The Irishman was financed by Netflix (where the movie will stream starting November 27, following a short box office run). It is a magnificent achievement. The Irishman is about guilt without remorse, violence as a kind of language, friendship as a limited contract, and death as something that exists beyond human contemplation until it looms right up ahead. But above all the movie is a meditation on the notion of culpability carried without the possibility of absolution.

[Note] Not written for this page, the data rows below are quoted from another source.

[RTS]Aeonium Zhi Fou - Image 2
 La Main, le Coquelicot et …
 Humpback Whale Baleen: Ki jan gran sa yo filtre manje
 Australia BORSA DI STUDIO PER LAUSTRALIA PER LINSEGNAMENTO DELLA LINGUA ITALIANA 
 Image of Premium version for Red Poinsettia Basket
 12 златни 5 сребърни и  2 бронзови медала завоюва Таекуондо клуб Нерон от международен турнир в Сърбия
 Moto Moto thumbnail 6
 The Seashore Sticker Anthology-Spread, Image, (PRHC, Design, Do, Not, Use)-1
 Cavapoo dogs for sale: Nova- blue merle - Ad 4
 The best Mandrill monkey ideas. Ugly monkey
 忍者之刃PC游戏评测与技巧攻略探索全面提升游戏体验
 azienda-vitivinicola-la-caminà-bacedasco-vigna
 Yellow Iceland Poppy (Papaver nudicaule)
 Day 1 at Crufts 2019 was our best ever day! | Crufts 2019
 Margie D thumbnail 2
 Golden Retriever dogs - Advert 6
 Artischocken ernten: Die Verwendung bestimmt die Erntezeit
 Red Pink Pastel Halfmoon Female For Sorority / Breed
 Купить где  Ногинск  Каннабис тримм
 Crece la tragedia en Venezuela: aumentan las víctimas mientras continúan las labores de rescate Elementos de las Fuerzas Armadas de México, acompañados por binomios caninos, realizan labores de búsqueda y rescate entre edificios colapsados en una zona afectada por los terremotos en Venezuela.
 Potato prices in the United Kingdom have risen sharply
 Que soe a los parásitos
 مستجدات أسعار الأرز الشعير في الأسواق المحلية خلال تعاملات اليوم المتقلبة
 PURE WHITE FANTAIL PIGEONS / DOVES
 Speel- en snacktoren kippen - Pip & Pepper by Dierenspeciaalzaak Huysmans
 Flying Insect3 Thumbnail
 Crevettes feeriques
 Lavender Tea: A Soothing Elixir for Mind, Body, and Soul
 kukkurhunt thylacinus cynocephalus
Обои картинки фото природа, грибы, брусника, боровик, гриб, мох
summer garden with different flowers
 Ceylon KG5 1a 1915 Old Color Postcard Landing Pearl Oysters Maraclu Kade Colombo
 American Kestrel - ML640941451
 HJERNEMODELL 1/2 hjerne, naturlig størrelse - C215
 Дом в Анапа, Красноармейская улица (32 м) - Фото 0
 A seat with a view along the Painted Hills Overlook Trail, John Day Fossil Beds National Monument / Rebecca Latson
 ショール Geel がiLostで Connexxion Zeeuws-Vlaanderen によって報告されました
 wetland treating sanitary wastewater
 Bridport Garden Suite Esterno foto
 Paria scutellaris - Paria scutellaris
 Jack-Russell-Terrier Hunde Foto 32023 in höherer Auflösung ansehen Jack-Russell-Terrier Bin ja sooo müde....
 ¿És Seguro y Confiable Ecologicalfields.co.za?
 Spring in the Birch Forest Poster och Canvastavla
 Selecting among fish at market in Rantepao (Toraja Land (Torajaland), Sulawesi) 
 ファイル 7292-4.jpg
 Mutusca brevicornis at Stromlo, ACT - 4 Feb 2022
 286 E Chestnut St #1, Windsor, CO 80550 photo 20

Once again, Scorsese shows violent, premature death occur due to the workings of greed, obedience, and fear. His characters have few of the trappings of rich men. They do what they do for the reasons other men paint houses for real: to feed their families and keep their wives in the style to which they have become accustomed. But money is not their primary object. What might that be? Status? Deterrence? Respect? Perhaps all of the above.

The Irishman brings these seemingly immortal figures face to face with the facts of death. Such a radical misunderstanding of reality could end in no other way. But this is a first-time cinematic journey, into uncharted terrain.

We who have been with the Scorsese gang since the beginning are accustomed to going away with a mixture of excitement and schadenfreude. But this time we leave the cinema in a very different mood, our sense of mythology rattled.

Now the final curtain is already blocking his view of the gods, Sheeran feels pain rooted not in shame or guilt or even meaninglessness, but in a kind of surprise that the destination he intuited for his life did not exist and all the doors of heaven and earth are closing in his face. Like Fr. Rodrigues, he gets no answer to his calling out to God, on whose existence his bet is at most evens.